Benoît Alleaume : Un grand nombre de clients considèrent l’ABS, le double airbag ou le régulateur- limiteur de vitesse comme des fondamentaux au sein de leur car policy. Par ailleurs, des dispositifs de type AFU (aide au freinage d’urgence), aussi bien en VP qu’en VU, ou l’ESP sont des dispositifs complémentaires auxquels de plus en plus de clients flottes sont sensibles. Pour rappel, notre gamme de Fourgons (Trafic et Master) dispose en série de l’ABS et de l’AFU.

De même, un dispositif du type de Carminat (GPS) devient un équipement jugé comme sécuritaire et, à ce titre, apparaît de plus en plus dans les demandes de nos clients flottes. Sur les véhicules particuliers pour les collaborateurs disposant d’un véhicule de fonction, le dispositif Isofix (système d’arrimage pour siège enfant) est particulièrement apprécié.

F. A. : Comment cette demande a-t- elle évoluée au cours des dernières années ?

Benoît Alleaume : Le renforcement de ce type de demande est évident depuis ces dernières années. Dans leur référencement, nos clients valorisent les véhicules qui se voient gratifiés de la note maxi (5 étoiles) aux tests EuroNcap. Avec l’instauration de politiques de développement durable chez nos clients flottes, le volet social intègre le plus souvent l’aspect «sécurité» auquel nous devons répondre en tant que fournisseur au même titre que les volets environnementaux et économiques.

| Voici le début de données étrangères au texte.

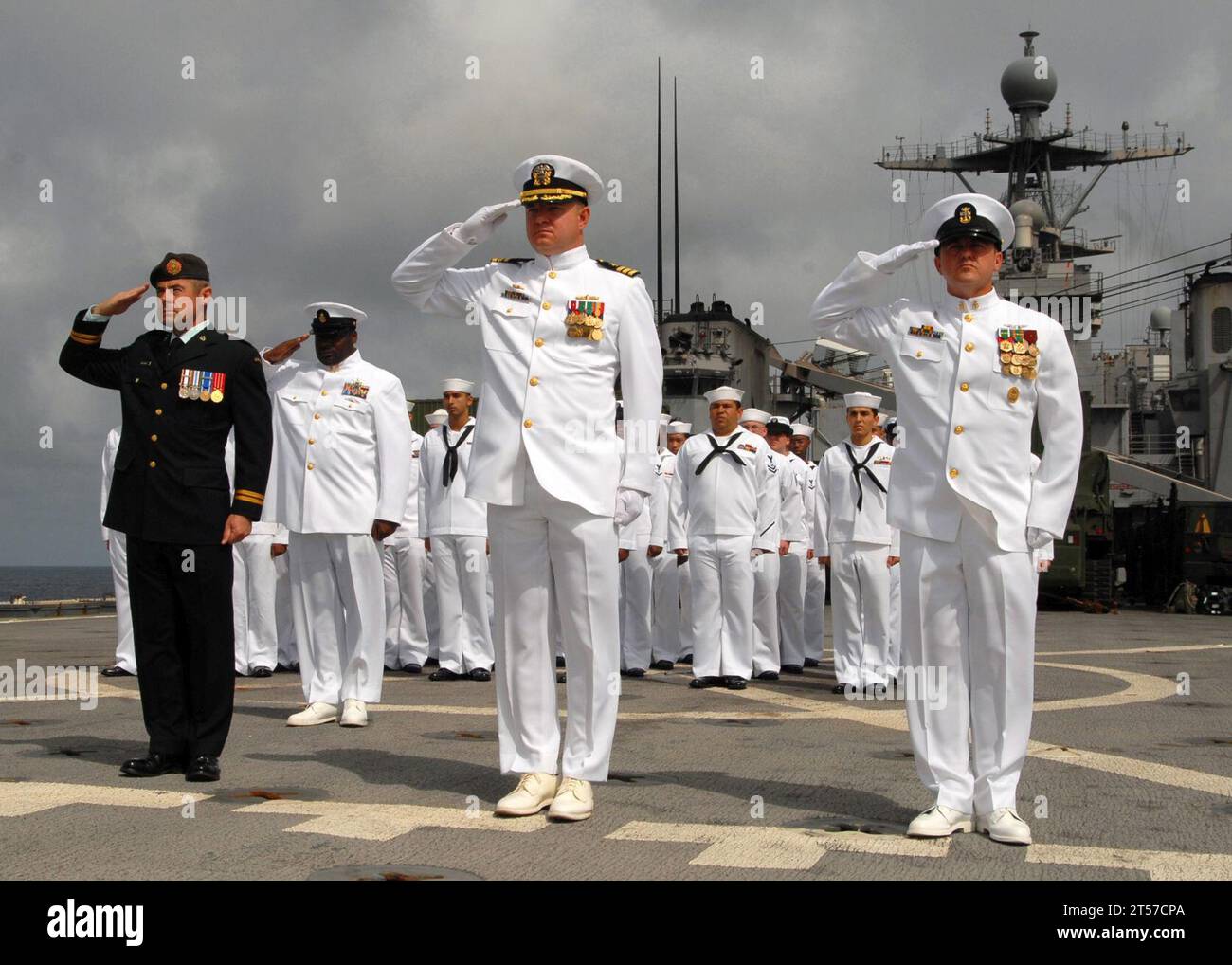 US Navy The official party render salutes in honor of a deceased Navy ...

F. A. : Quels sont les dispositifs demandés ? Figurent-ils dans les cahiers des charges ?

Benoît Alleaume : ABS, AFU, régulateur-limiteur de vitesse, airbags ESP (couplés à ASR et contrôle de sous-virage) sont demandés. Ils sont proposés en série ou en option en fonction des gammes et, à ce titre, ils font donc bien partie du cahier des charges.

F. A. : Comment va évoluer la demande des entreprises en la matière ?

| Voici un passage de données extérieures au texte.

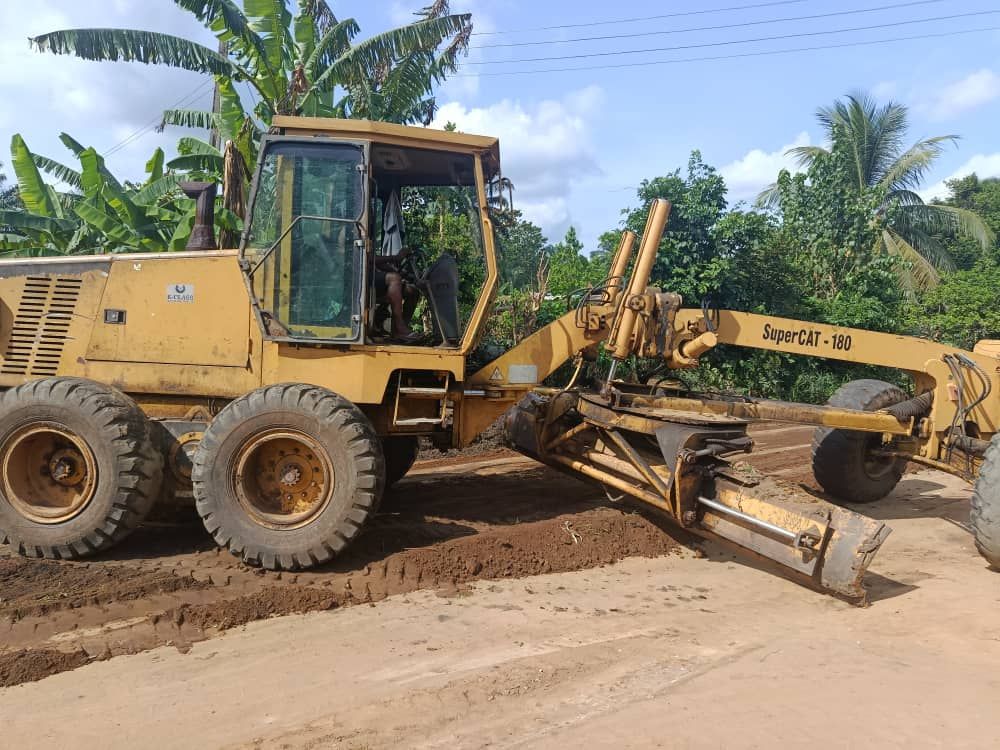 A grader at work on a community road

Benoît Alleaume : Elle pourrait évoluer vers une demande de formation à la conduite sécuritaire pour limiter au maximum le nombre d’accidents ; une formation axée sur le comportement des collaborateurs au volant. En termes d’équipements, on peut imaginer une généralisation du GPS, mais aussi plus de sécurité passive pour une voiture plus sécurisante et une meilleure protection des personnes.

Les technologies d’aide à la conduite, type contrôle de distance, contrôle de vitesse actif, pourraient être de plus en plus demandées par nos clients flottes.